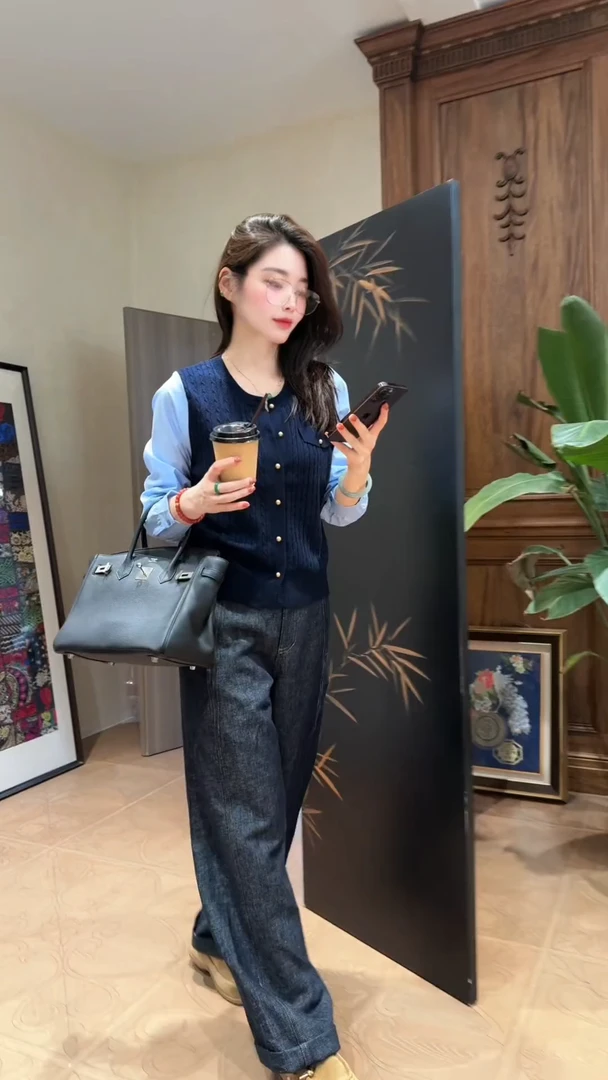 设计感日常轻职风穿搭休闲百搭多巴胺假两件撞色衬衫2025秋季新款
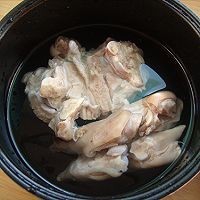 冬季多喝黄豆猪蹄汤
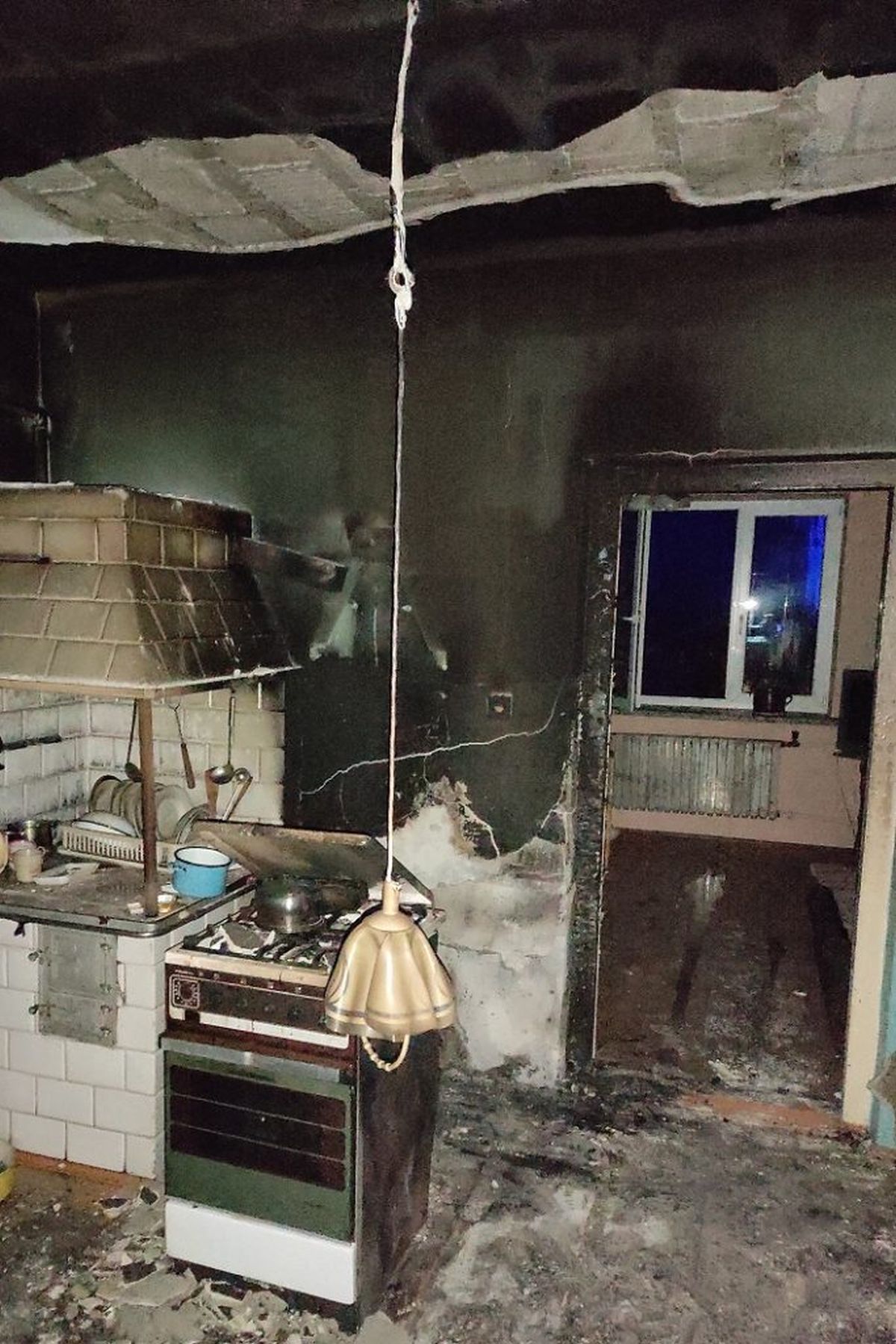 Kuchnia stanęła w płomieniach. Przebywająca w domu osoba zdążyła uciec na zewnątrz (zdjęcia)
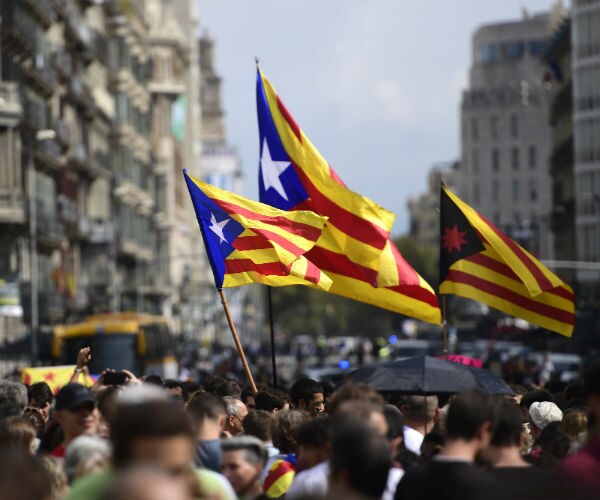 Catalan Cabinet Meets to Plan Independence Declaration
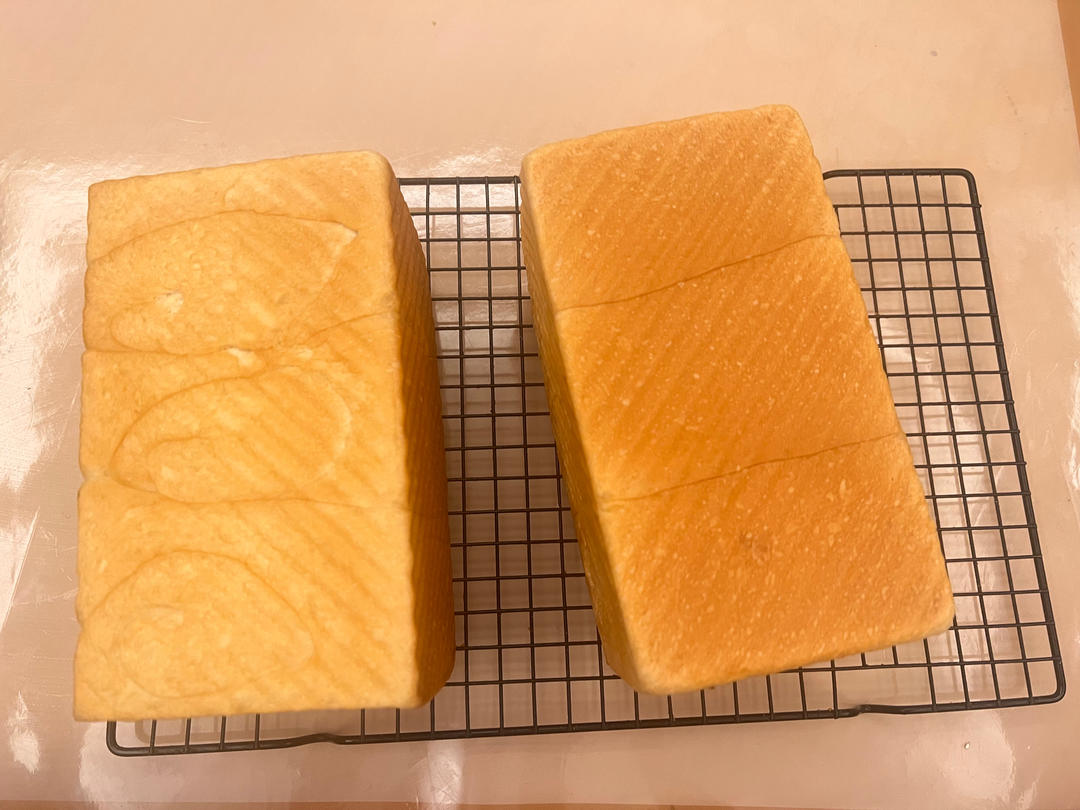 软到拿不起来的生吐司
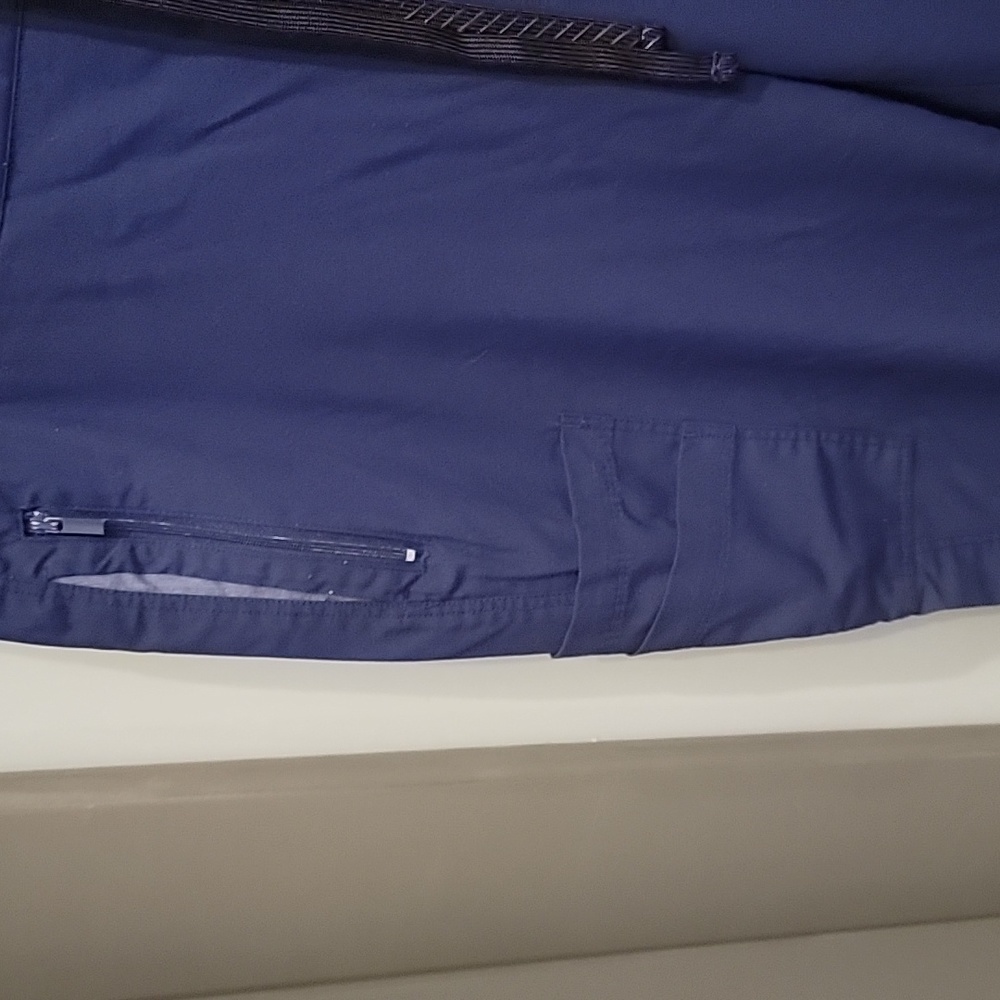 Motion Scrubs Set - Picture 5 of 7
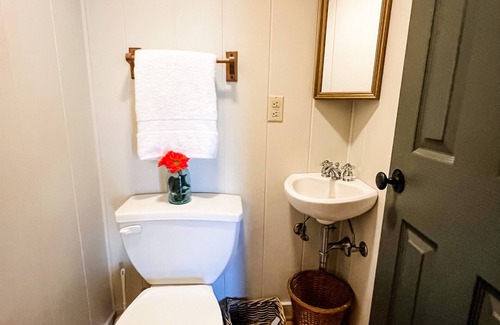 Cliff Ridge Colony Cabin | Cozy 3BR Mountain Escape - Highland Hüs @ Caesars Head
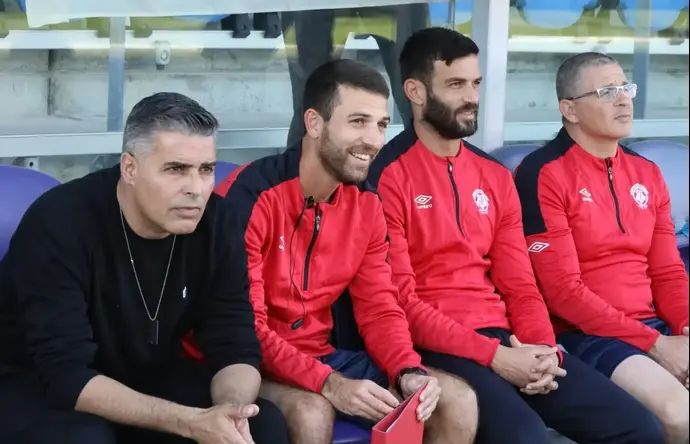 מאמן הפועל חדרה חיים סילבס, עוזרו חנן ממן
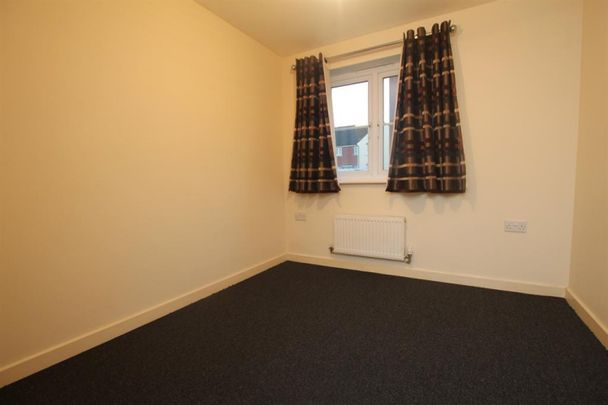 2 bedroom Flat To Let - Photo 1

Work to be completed ▸ The answer must be the full set of records, repeated exactly, with no pictures.

Answer to the problem ▸
 设计感日常轻职风穿搭休闲百搭多巴胺假两件撞色衬衫2025秋季新款
 冬季多喝黄豆猪蹄汤
 Kuchnia stanęła w płomieniach. Przebywająca w domu osoba zdążyła uciec na zewnątrz (zdjęcia)
 Catalan Cabinet Meets to Plan Independence Declaration
 软到拿不起来的生吐司
 Motion Scrubs Set - Picture 5 of 7
 Cliff Ridge Colony Cabin | Cozy 3BR Mountain Escape - Highland Hüs @ Caesars Head
 מאמן הפועל חדרה חיים סילבס, עוזרו חנן ממן
 2 bedroom Flat To Let - Photo 1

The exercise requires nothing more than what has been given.